Records follow. Print exactly the lines from the one that has "a living room" through the one that has "Alex Iwobi of", inclusive, and omit the pictures.

» Saved data entries:
▼▼▼

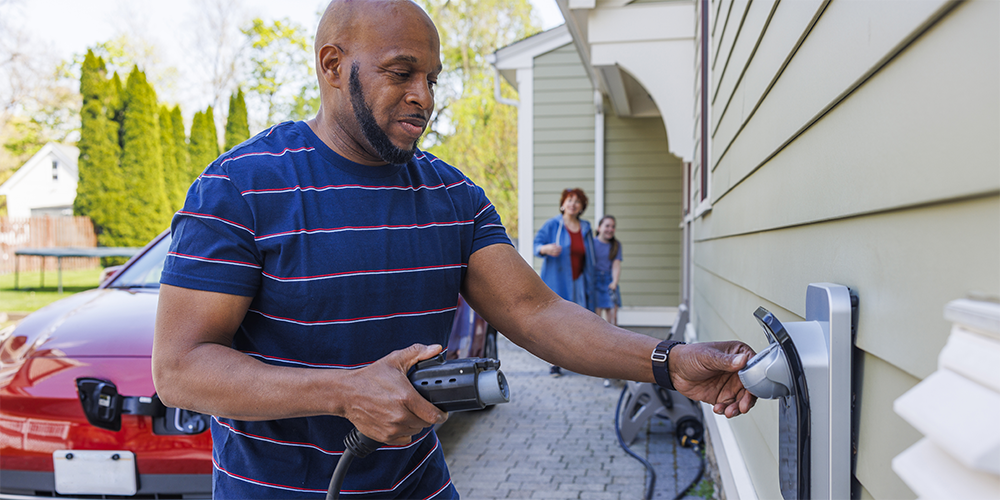 Photo of man plugging car charging cable into charger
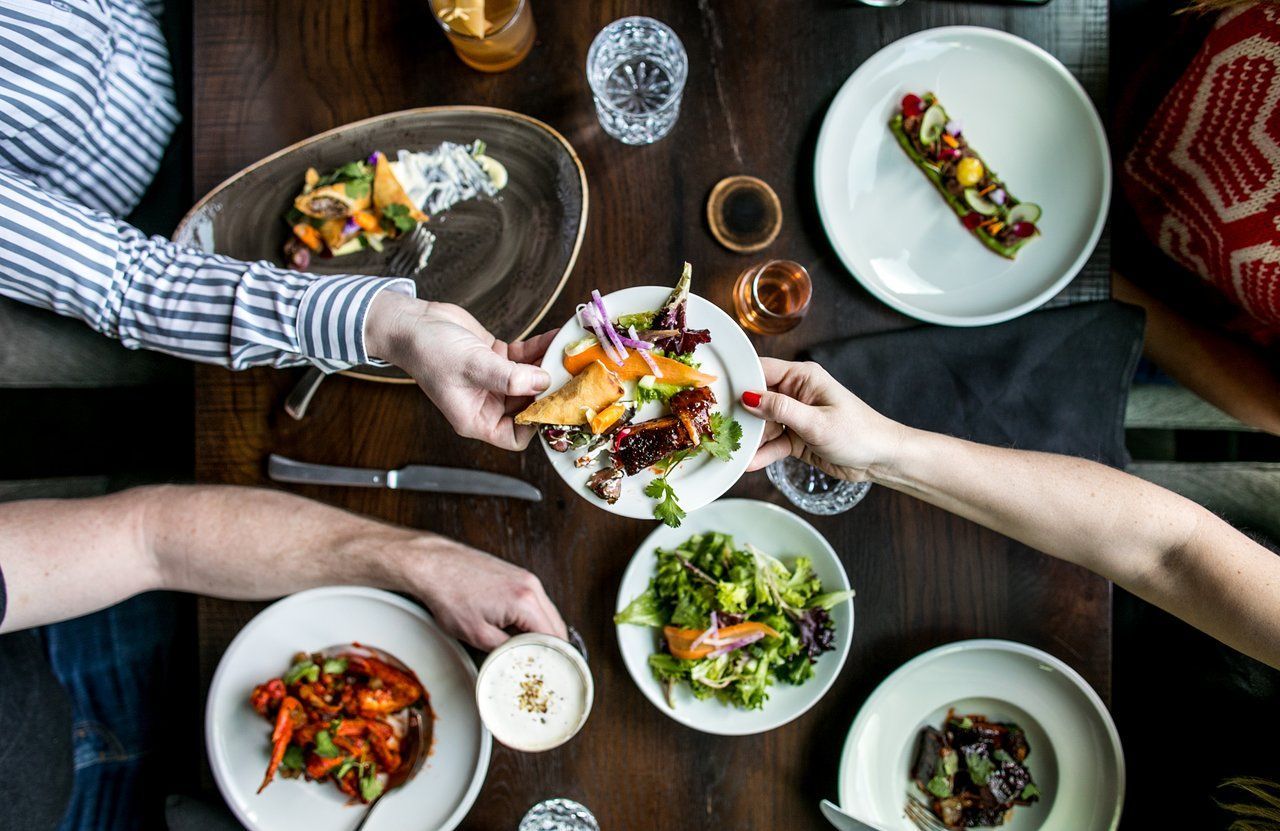 A group of people are sitting at a table eating food.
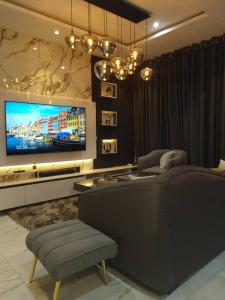 a living room with a couch and a tv at 1 Bedroom Apt Sabolak Suite Haven in Ikate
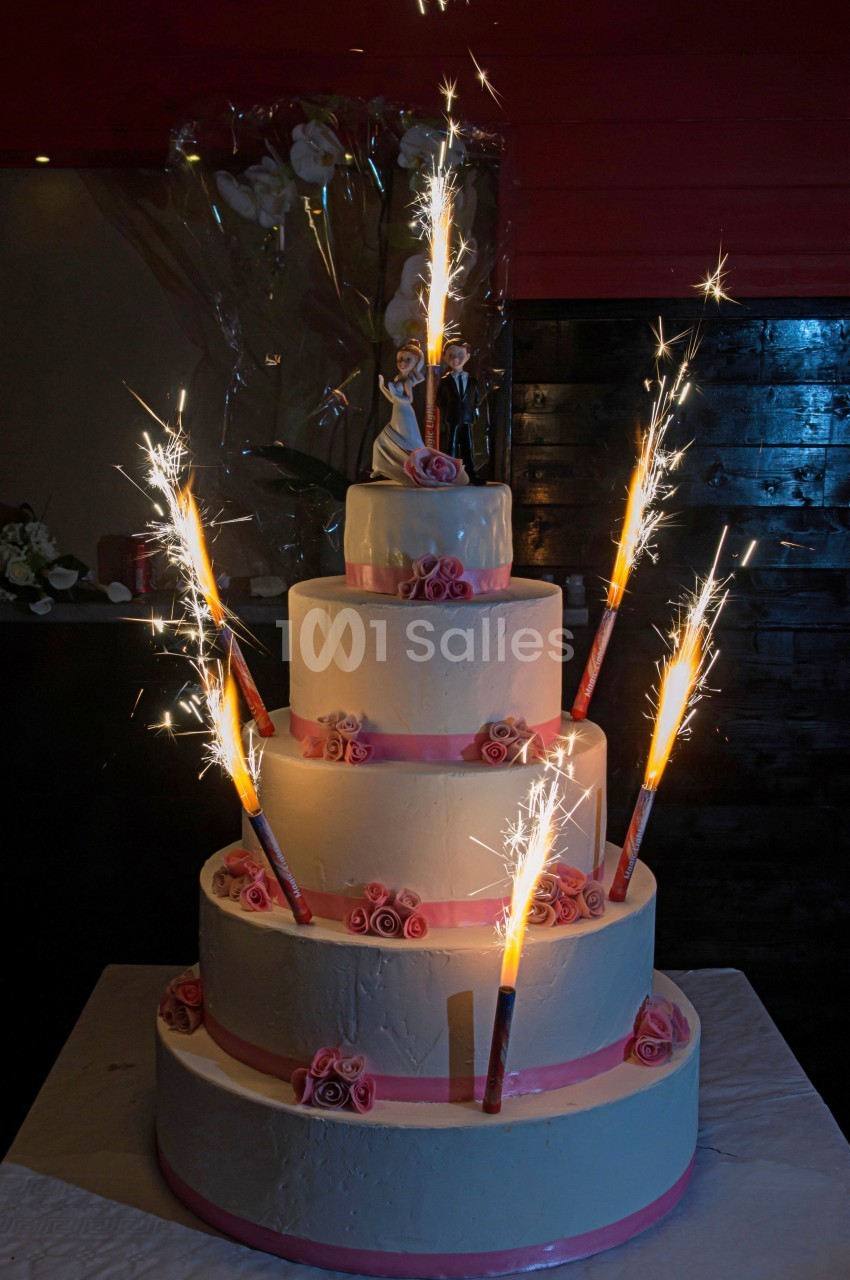 Gâteau de mariage à quatre étages décoré de roses roses et de cierges magiques allumés.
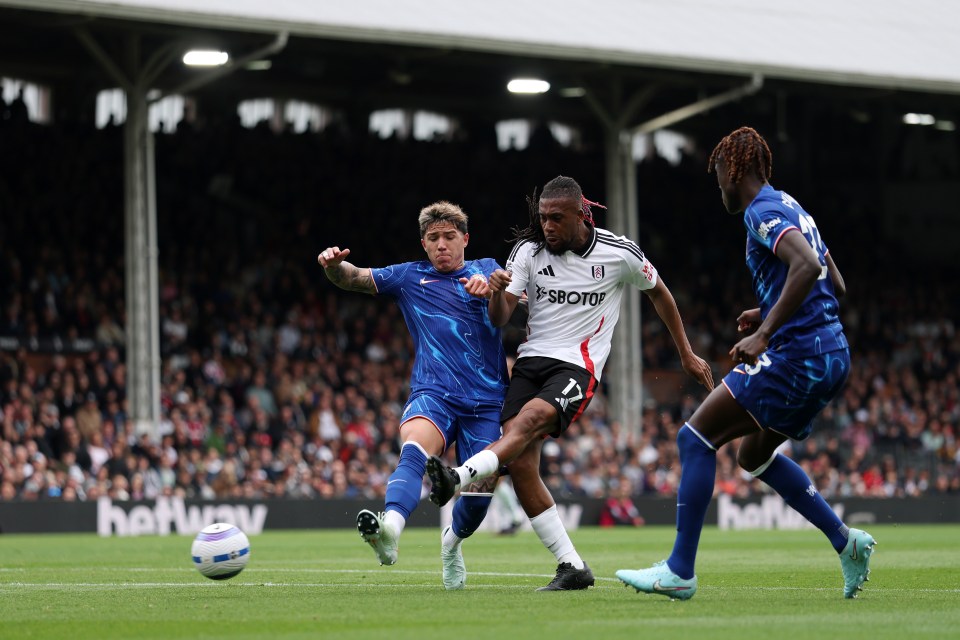 Alex Iwobi of Fulham scoring a goal during a Premier League match.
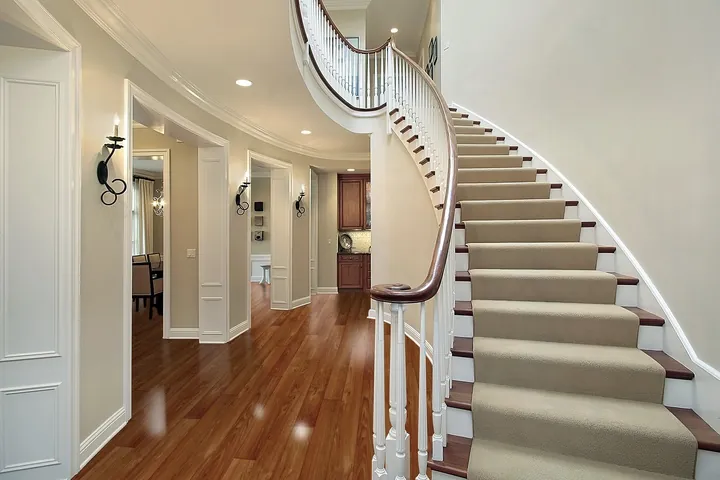 The hardwood flooring is a rich brown color with a smooth finish, featuring a herringbone pattern that transitions seamlessly into the staircase and runner.
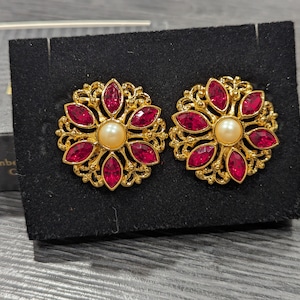 May include: A pair of gold tone earrings with a floral design. Each earring features a cluster of red rhinestones and a single pearl in the center.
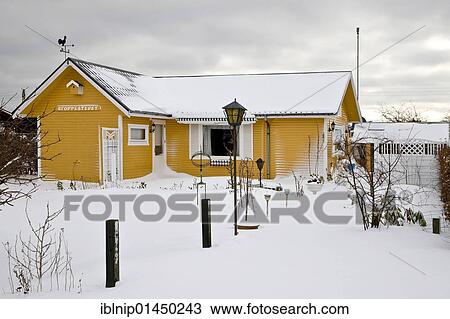 Yellow wooden house in a snow covered allotment garden, Denmark, Europe View Large Photo Image Stock Image - Yellow wooden house in a snow covered allotment garden, Denmark, Europe. Fotosearch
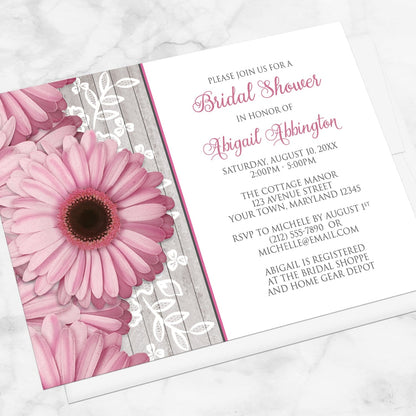 Rustic Pink Daisy Wood White Bridal Shower Invitation shown at an angle on a marble surface with a white envelope.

▲▲▲

» ANSWER TO THE EXERCISE:
 a living room with a couch and a tv at 1 Bedroom Apt Sabolak Suite Haven in Ikate
 Gâteau de mariage à quatre étages décoré de roses roses et de cierges magiques allumés.
 Alex Iwobi of Fulham scoring a goal during a Premier League match.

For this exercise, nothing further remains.